Temmuz ve Ağustos aylarında iki haber beni kahreder. Birincisi orman yangınları, ikincisi ise anız yangınları. Orman yangınlarını da, anız yangınlarını da asla izlemek ve duymak istemem. Boğazıma öfke ve çaresizliğin tortuları düğümlenir. Olayı düşünmek bir acı, düşünmemek başka acı.

Orman yangınlarını başka bir konuda işleyeceğiz, bugün anız yangınlarını anlatmak istiyorum. Orman yangınlarının çoğunluğunun kaza olduğunu ve istenmeyen nedenler olduğunu düşünüyorum.
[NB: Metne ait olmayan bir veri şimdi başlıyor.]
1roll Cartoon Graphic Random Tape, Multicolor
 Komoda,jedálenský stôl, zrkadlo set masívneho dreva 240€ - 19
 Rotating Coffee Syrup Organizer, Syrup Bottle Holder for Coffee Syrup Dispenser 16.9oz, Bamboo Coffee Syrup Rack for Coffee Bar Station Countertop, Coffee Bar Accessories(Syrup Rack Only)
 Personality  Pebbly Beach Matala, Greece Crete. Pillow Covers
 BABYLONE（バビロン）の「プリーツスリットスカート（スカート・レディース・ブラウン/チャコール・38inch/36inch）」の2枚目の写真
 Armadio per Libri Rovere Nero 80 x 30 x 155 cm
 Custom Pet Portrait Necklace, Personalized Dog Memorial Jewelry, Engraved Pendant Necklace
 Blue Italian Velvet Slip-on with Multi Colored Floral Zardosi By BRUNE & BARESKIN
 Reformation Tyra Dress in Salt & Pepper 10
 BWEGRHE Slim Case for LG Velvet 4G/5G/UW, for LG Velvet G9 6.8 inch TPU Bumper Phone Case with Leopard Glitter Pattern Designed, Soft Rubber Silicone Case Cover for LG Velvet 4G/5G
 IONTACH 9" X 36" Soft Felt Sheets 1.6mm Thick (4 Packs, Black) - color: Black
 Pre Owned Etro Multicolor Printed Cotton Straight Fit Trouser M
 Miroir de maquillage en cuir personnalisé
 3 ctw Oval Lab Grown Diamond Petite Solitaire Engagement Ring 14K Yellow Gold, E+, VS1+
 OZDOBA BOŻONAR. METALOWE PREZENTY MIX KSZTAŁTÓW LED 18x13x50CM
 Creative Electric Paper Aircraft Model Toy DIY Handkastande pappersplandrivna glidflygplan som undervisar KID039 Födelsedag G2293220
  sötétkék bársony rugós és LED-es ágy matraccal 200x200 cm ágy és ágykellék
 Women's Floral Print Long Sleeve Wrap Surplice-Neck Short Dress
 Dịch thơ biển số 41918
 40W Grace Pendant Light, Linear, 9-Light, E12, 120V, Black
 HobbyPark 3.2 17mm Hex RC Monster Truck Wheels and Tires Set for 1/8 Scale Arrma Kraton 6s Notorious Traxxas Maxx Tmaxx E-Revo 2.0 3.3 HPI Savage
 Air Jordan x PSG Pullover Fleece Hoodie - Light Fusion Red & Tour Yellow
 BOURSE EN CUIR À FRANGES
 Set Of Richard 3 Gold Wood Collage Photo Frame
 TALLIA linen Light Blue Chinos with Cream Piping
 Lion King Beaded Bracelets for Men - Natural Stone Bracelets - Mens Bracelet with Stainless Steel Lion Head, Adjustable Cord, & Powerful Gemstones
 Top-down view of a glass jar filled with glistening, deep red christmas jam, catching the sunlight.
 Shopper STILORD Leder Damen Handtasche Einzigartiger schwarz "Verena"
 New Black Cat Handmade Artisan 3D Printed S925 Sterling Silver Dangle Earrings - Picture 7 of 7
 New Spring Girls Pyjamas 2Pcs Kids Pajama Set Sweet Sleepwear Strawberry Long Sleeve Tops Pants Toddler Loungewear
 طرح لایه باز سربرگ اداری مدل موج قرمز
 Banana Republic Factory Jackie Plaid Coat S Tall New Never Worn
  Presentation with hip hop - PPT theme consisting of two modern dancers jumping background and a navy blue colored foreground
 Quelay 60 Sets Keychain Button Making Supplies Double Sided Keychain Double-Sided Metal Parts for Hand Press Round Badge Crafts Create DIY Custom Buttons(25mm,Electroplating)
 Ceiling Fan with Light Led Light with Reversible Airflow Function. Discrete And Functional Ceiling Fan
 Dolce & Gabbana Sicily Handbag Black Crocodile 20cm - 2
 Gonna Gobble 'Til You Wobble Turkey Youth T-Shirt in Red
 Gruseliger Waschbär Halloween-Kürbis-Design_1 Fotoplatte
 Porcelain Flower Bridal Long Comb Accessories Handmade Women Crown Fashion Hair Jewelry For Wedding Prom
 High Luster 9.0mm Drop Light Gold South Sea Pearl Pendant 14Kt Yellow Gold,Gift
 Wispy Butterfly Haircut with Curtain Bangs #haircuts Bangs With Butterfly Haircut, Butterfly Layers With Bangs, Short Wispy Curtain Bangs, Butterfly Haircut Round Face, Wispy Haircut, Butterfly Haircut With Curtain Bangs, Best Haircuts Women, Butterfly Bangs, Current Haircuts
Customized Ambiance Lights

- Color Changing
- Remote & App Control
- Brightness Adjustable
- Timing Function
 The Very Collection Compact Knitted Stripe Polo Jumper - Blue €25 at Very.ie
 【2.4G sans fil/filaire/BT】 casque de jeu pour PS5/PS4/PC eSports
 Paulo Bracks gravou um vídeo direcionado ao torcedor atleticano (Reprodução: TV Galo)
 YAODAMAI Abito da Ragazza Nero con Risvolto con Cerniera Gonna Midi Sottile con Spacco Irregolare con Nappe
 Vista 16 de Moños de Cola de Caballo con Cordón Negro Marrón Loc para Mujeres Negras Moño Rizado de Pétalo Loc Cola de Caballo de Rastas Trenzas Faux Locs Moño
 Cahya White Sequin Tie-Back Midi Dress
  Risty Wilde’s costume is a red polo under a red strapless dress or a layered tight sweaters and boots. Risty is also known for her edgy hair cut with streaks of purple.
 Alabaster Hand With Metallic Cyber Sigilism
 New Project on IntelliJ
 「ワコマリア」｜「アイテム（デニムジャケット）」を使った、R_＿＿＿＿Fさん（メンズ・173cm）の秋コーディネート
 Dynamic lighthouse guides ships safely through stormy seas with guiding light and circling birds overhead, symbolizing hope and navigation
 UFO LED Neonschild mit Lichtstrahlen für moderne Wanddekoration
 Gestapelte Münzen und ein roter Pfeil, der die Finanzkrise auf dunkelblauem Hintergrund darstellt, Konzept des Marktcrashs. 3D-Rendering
Fakat anız yangınları bilinçli ve genellikle de anız sahibi tarafından yakılmaktadır. Yanlış bir bilgi ve anlayış anız yangınlarının önüne geçemiyor.

Çiftçi neden anızını yakar;  Doğru bildiği yanlış yüzünden. Güya anız yanarsa yanan maddeler gübre oluşturuyor. Bazı hastalıkların ve zararlıların yok olacağı inancı. Oysa uzmanlar “Bunun kökten bir yanlış anlayış olduğunu, aksine hiçbir getirisi yokken kat kat olumsuz götürüleri olduğunu belirtiyorlar.”

·       Anız yakmak aslında bir ulusal sorundur. Toprak verimsizleşiyor, erozyon artıyor.

·       Topraktaki organik madde,  yüzeye yakın kısımda bulunan yararlı mikroorganizmalar yok oluyor.

·       Toprak, su ve rüzgâr erozyonu yönünden hassas hale geliyor.

·       Yangınla birlikte çevredeki orman, meyve ağaçları zarar görmekte.

·       Telefon ve elektrik hatları, yerleşim yerleri yanıp zarar görebilmekte.

·       Toprak üstü canlıları zarar görmekte, yanıp kül olmakta. Yangınla birlikte toprak yüzeyi sertleşerek, bozulmalara neden olmakta.

·       Yangın nedeniyle demir ve kara yolu ulaşımının tehlikeye düşme riski var.

·       Çevre ve hava kirliliği oluşmakta.

·       Yanan anız, toprak üstü canlılara ve anız artıkları ile beslenen yaban hayvanlarına zarar vermekte. Doğal denge bozulmakta, toprak yüzeyinde belli bir derinlikteki verimli katmanın kaybedilmesine neden olmaktadır.

·       Toprak yüzeyindeki verimli tabakanın oluşması binlerce yıl almakta. Fakat erozyon sonucu yok olması birkaç yılda bitmektedir.

Anız yangını ile doğal denge bozulmakta, anızda bulunan börtü böcek her türlü denge oluşturan canlı yok olmakta. Aslında anız yakmak Çevre ve Şehircilik Bakanlığının 31 Aralık 2019 tarih ve 30995 sayılı resmi gazetedeki yayınına göre suçtur. Bu konuda cezalar artırılmalı. Anız yakan çiftçinin tarımsal destekleme ödentileri kesilerek caydırıcı nitelik kazandırılmalı.

Toprağı, suyu ve havayı koruyamazsak, temiz tutamazsak geleceğimizi kendi ellerimizle yok ederiz. Üçünün de üzerine titremek bir ulusal sorundur. Anız yangınları bunlardan biridir. Anız yakmanın insani, vicdani, bilimsel hiçbir yanı yoktur. İlkelliktir, yarınları kurtarmak için anız yangınlarını durdurmak gerekir.